Admittedly, the concept of a "field" is
somewhat abstract. At least with electric current it isn't
too difficult to envision tiny particles called electrons
moving their way between the nuclei of atoms within a
conductor, but a "field" doesn't even have mass, and need
not exist within matter at all.
Despite its abstract nature, almost every
one of us has direct experience with fields, at least in the
form of magnets. Have you ever played with a pair of
magnets, noticing how they attract or repel each other
depending on their relative orientation? There is an
undeniable force between a pair of magnets, and this force
is without "substance." It has no mass, no color, no odor,
and if not for the physical force exerted on the magnets
themselves, it would be utterly insensible to our bodies.

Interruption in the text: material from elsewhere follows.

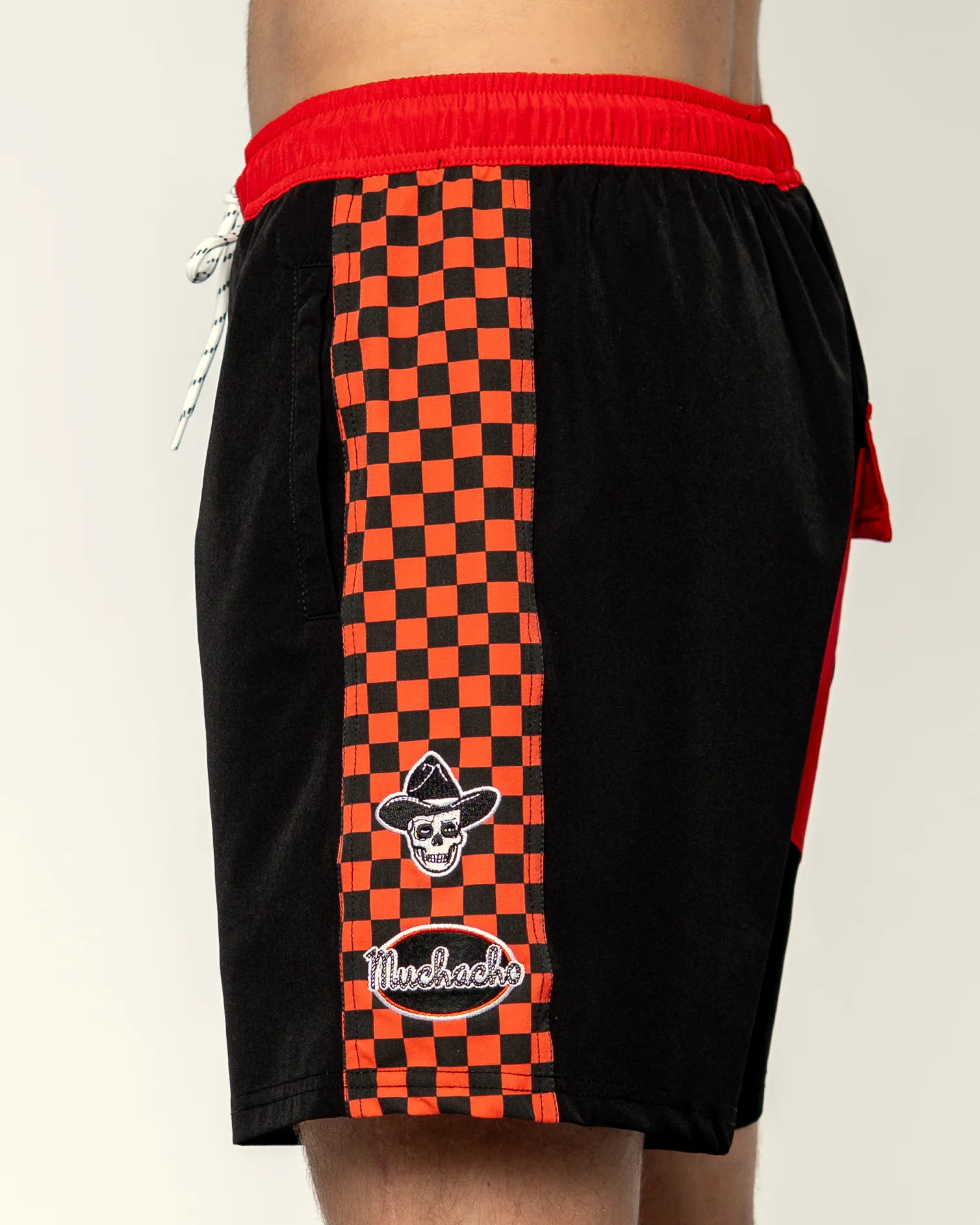 Sleepy 15" Volley Short - Black - Image 2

Physicists describe the interaction of magnets in terms of
magnetic fields in the space between them. If iron
filings are placed near a magnet, they orient themselves
along the lines of the field, visually indicating its
presence.
The subject of this chapter is electric
fields (and devices called capacitors that exploit
them), not magnetic fields, but there are many
similarities. Most likely you have experienced electric
fields as well. Chapter 1 of this book began with an
explanation of static electricity, and how materials such as
wax and wool -- when rubbed against each other -- produced a
physical attraction. Again, physicists would describe this
interaction in terms of electric fields generated by
the two objects as a result of their electron imbalances.
Suffice it to say that whenever a voltage exists between two
points, there will be an electric field manifested in the
space between those points.
Fields have two measures: a field force
and a field flux. The field force is the
amount of "push" that a field exerts over a certain
distance. The field flux is the total quantity, or
effect, of the field through space. Field force and flux are
roughly analogous to voltage ("push") and current (flow)

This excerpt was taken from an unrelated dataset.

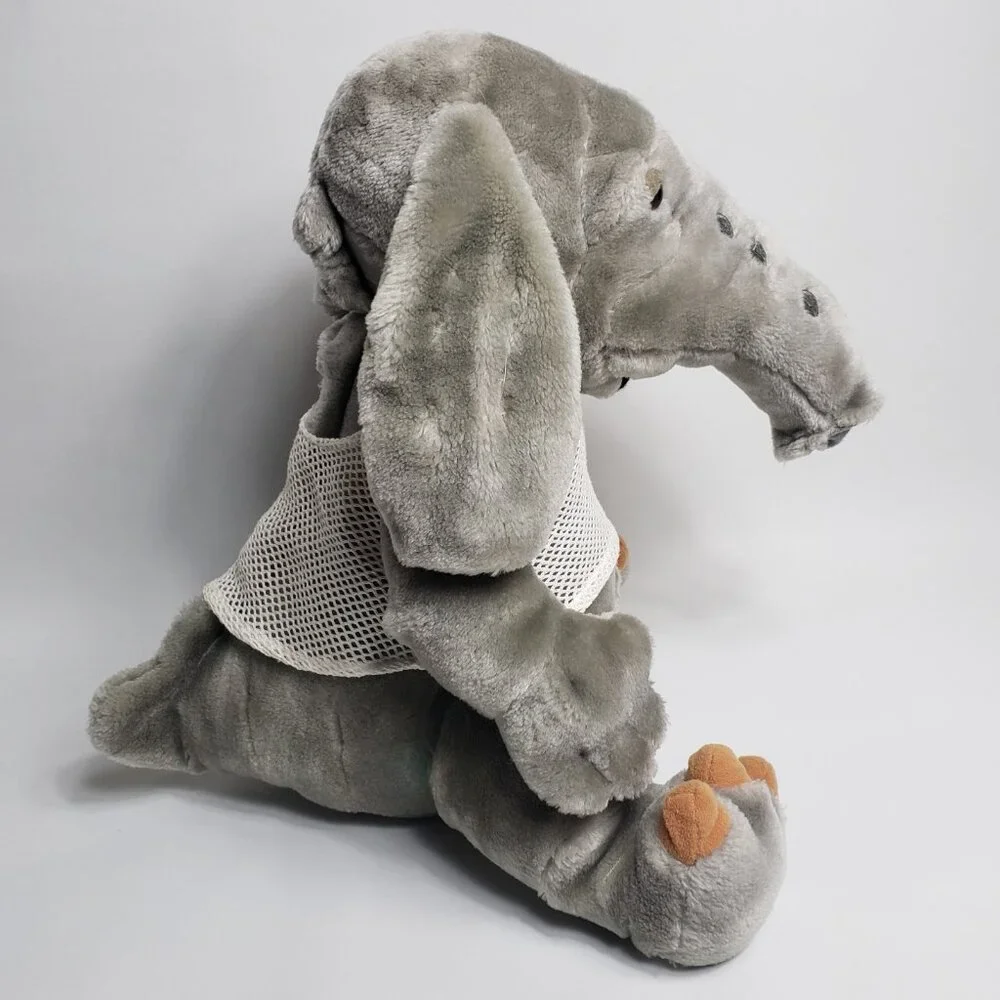 Vintage 1986 Disneyland Captain EO Hooter Elephant Plush 15" Michael Jackson Toy - Picture 3 of 16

through a conductor, respectively, although field flux can
exist in totally empty space (without the motion of
particles such as electrons) whereas current can only take
place where there are free electrons to move. Field flux can
be opposed in space, just as the flow of electrons can be
opposed by resistance. The amount of field flux that will
develop in space is proportional to the amount of field
force applied, divided by the amount of opposition to flux.
Just as the type of conducting material dictates that
conductor's specific resistance to electric current, the
type of insulating material separating two conductors
dictates the specific opposition to field flux.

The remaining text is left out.